I don’t know how to explain it. I don’t believe anyone can really explain reasons behind their sexual preferences, unless they’re based on prejudice: i.e., this or that practice is unnatural, against God’s law, perverted, disgusting and so forth. […] sexual preference seems to be something that happens to you, not something you elect.17

Despite the constant discussion of gender changing in the book, it is difficult to take it seriously. Although Hildy is eventually revealed to have been born female, he is first presented to the reader as a man, and doesn’t appear to change much in personality when he becomes a woman, save for the change in sexual preference and a rather over-done obsession with appearance and clothes. The whole artifice is fatally undermined by the following passage:

If I ever had to choose one sex to be for the rest of my life, I would be female. I think the body is better-designed, and the sex is a little better. But there is one thing about the female body that is distinctly inferior to the male – and I’ve talked to others about this, both Changers and dedicated females, and ninety-five percent agree with me – and that is urination. Males are simply better at it.18

In other words, Hildy only wants to be a woman as long as he can still have a penis.

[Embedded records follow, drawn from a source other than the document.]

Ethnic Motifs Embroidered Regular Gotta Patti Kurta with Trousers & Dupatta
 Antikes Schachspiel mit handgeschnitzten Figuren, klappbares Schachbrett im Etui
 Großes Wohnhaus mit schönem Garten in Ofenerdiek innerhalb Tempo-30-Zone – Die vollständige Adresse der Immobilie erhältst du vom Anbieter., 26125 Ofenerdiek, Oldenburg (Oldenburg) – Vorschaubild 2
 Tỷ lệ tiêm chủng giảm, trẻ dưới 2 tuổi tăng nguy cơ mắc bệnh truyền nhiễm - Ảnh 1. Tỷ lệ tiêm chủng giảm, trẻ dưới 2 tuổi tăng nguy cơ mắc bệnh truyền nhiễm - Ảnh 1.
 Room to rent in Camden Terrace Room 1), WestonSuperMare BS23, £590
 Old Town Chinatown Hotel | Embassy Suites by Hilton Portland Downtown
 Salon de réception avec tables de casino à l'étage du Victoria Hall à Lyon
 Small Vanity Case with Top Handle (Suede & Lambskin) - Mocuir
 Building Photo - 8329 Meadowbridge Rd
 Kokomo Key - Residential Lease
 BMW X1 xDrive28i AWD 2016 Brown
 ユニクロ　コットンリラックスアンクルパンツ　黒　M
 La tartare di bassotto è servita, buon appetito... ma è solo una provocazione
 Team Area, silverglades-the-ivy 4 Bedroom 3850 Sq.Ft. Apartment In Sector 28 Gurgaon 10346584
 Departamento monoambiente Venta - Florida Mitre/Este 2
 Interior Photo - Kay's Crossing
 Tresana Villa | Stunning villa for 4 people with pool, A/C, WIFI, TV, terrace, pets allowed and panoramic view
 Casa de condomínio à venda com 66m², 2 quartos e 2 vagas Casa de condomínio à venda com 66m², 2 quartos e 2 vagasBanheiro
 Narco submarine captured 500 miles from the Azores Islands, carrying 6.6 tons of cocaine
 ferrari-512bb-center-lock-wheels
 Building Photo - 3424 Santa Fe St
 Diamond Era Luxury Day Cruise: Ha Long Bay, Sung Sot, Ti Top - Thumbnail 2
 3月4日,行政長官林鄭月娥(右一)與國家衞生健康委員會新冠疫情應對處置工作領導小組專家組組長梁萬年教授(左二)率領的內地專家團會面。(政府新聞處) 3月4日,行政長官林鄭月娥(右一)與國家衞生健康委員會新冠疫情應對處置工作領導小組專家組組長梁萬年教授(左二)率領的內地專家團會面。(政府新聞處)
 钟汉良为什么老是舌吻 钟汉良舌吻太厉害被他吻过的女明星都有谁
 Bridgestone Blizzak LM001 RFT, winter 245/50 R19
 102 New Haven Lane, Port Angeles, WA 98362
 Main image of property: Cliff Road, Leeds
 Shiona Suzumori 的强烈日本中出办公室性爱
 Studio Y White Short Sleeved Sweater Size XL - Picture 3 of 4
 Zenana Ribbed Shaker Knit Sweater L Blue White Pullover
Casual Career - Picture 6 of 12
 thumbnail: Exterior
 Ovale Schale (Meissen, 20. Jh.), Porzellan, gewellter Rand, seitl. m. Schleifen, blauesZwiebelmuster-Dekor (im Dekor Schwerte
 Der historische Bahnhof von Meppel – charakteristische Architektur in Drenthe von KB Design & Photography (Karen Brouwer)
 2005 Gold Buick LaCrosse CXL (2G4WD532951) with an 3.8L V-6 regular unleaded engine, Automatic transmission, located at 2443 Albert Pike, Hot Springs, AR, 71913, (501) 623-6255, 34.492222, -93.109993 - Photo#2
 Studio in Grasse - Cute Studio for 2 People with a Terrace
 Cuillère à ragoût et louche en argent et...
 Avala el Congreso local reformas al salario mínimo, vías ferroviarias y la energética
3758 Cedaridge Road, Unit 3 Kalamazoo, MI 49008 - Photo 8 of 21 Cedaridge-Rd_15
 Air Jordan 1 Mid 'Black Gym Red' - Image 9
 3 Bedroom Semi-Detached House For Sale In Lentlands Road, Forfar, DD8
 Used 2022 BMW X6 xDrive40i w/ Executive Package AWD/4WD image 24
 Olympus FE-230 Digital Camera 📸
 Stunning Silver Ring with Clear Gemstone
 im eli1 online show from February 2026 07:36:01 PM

While male writers appear to have mainly failed to notice issues of gender identity, female science fiction writers have, in contrast, used trans characters precisely to make points about the nature of gender and what it means to be “a woman”. A classic example is The Passion of New Eve by Angela Carter. In this tale of post-apocalyptic America, a young Englishman called Evelyn is captured by feminist revolutionaries and forcibly transformed into a woman, the New Eve of the title. Cast adrift in an increasingly lawless country, Eve discovers what life is actually like for women. Her personal experience, including being forced to join the harem of a redneck male, is contrasted with the life of Tristessa St. Ange, a Garbo-like film star on whom young Evelyn has a hopeless crush. Tristessa is eventually revealed to be a clever transvestite who has fooled the world. The lesson of the story appears to be that Eve gets to live life as a real woman, whereas Tristessa is only a man’s view of the ideal female.

Feminist critics often view transsexuals as being similar to Tristessa: that is that they are men who are acting out some ideal of femininity. In practice, however, most male-to-female transsexuals do not have film star looks, but do have to live out their lives as women in society. Consequently their experience is actually far more like that of Eve.

That Carter should have created such a clear experience-based view of gender is all the more remarkable because the book was published in 1977. The 70’s was a period in which feminists were strongly antagonistic towards trans people19. The prevailing view was that men, in response to the feminist revolution, were attempting to construct compliant pseudo-women to take the place of their bra-burning wives and girlfriends. This attitude is mostly clearly expressed in The Transsexual Empire by Janice Raymond, which is (purportedly) non-fiction, but it is also reflected in the most famous feminist SF novel of the period, The Female Man by Joanna Russ.

In one of the worlds of Russ’s book men and women live in separate societies. Manland buys male infants from Womanland, and the boys are then raised to be Real Men. However, not all of them make it. Around one in seven fails completely, is forced through gender re-assignment surgery, and is condemned to a life as a wife or prostitute. A further one in seven is required to become “half-changed” — effeminate men who, amongst other things, are used as diplomats because no real man would sully himself by negotiating with women.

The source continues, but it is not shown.